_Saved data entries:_
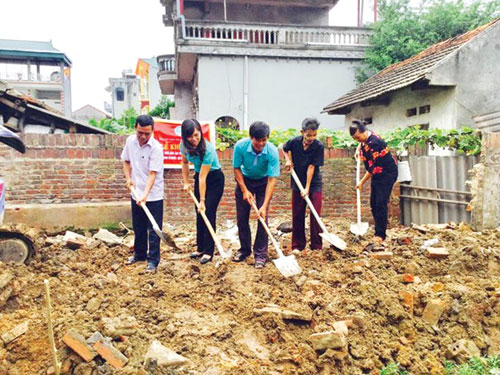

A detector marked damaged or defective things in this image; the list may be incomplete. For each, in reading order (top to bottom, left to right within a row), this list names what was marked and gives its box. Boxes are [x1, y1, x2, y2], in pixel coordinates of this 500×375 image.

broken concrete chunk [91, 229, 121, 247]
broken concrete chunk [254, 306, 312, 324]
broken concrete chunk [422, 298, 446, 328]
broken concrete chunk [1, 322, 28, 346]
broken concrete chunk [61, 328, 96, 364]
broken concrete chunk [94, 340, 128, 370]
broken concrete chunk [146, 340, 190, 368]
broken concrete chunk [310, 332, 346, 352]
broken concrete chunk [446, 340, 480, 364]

_About this task:_ Would you copy all of the data exactly? Keep the pictures out of it.

_Finished task:_
A detector marked damaged or defective things in this image; the list may be incomplete. For each, in reading order (top to bottom, left to right within a row), this list names what was marked and gives its box. Boxes are [x1, y1, x2, y2], in pixel coordinates of this 500×375 image.

broken concrete chunk [91, 229, 121, 247]
broken concrete chunk [254, 306, 312, 324]
broken concrete chunk [422, 298, 446, 328]
broken concrete chunk [1, 322, 28, 346]
broken concrete chunk [61, 328, 96, 364]
broken concrete chunk [94, 340, 128, 370]
broken concrete chunk [146, 340, 190, 368]
broken concrete chunk [310, 332, 346, 352]
broken concrete chunk [446, 340, 480, 364]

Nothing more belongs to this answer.